→ **Recorded data**:
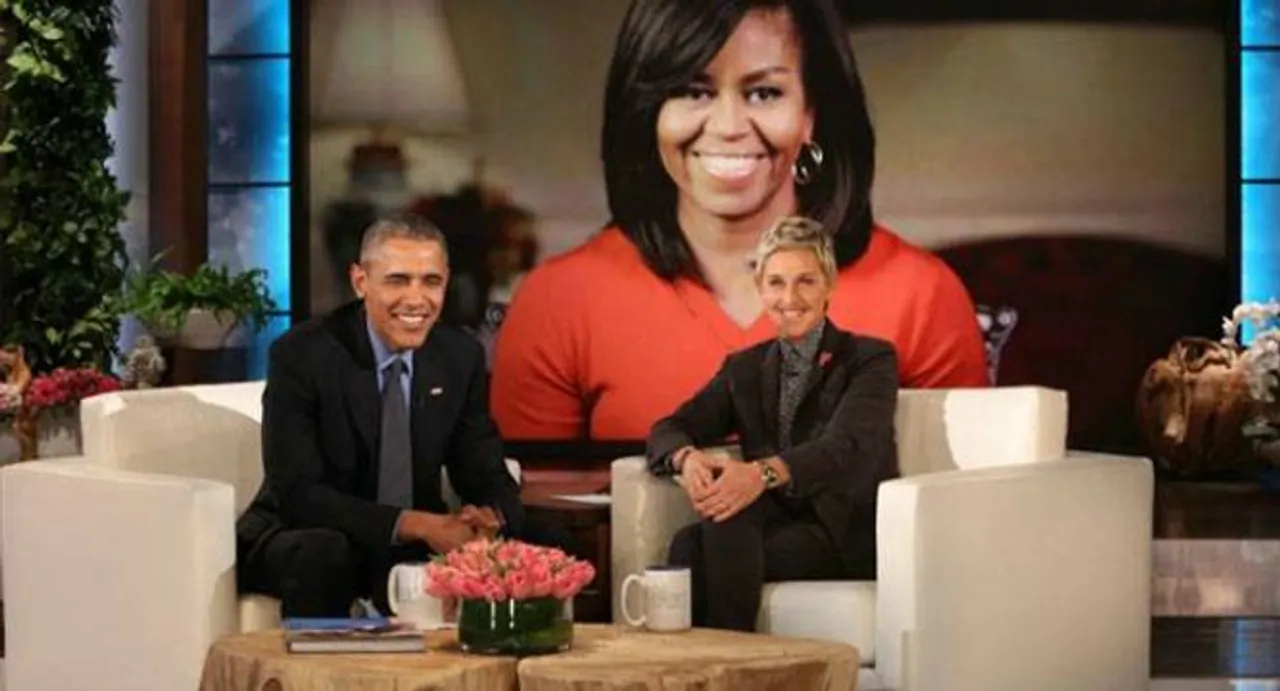 When Obama wished Michelle Happy Valentines in the most romantic way ever!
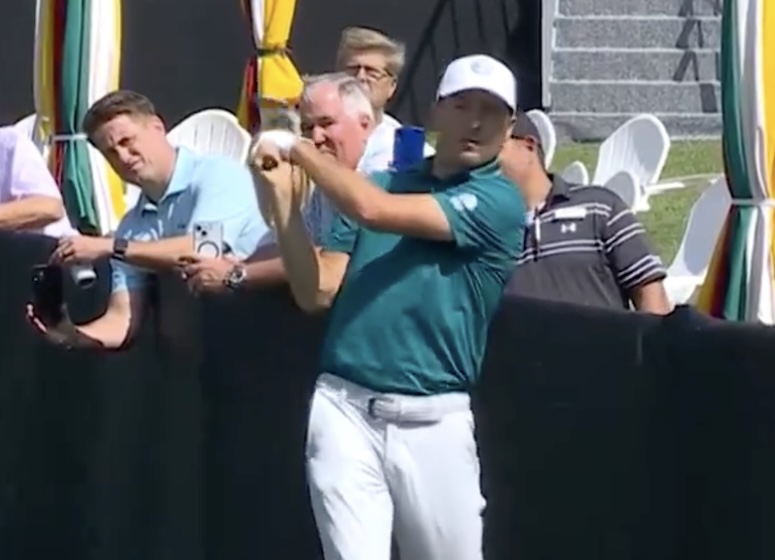 Quand Jordan Spieth fait du Jordan Spieth !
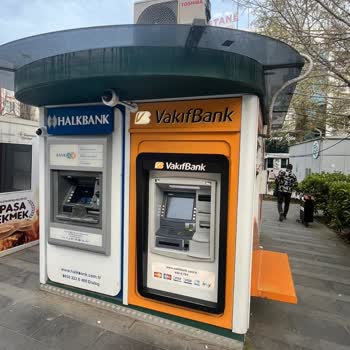 VakıfBank ATM Para Yutması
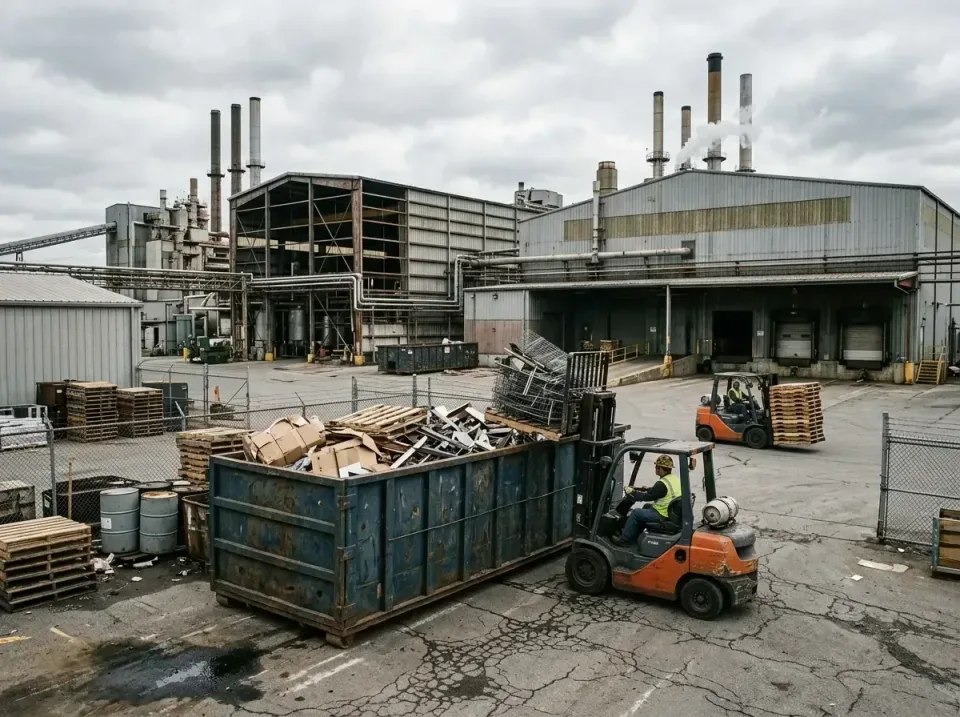 industrial-factory-scrap-conta-003 — frequently asked questions, Cheap Roll-off Dumpster Rentals in Sequim, WA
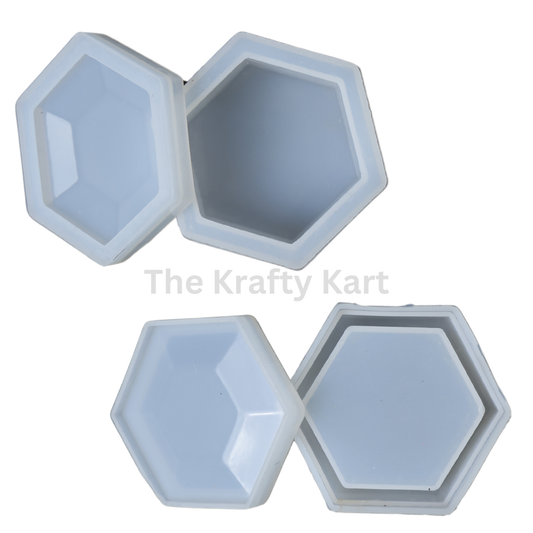 Hexagon Storage Box Mould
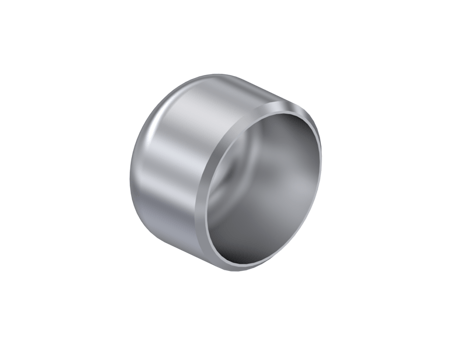 Tube weld cap / DIN 11866 Reihe C (ASME BPE) / DT-4.1.5-1 / 316L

→ **Exercise brief**:
Your copy should hold only the lines running from the one that contains "industrial-factory-scrap-conta-003 — frequently" through the final line of the data; transcribe them exactly, both ends included, and leave pictures out.

→ **Final answer**:
 industrial-factory-scrap-conta-003 — frequently asked questions, Cheap Roll-off Dumpster Rentals in Sequim, WA
 Hexagon Storage Box Mould
 Tube weld cap / DIN 11866 Reihe C (ASME BPE) / DT-4.1.5-1 / 316L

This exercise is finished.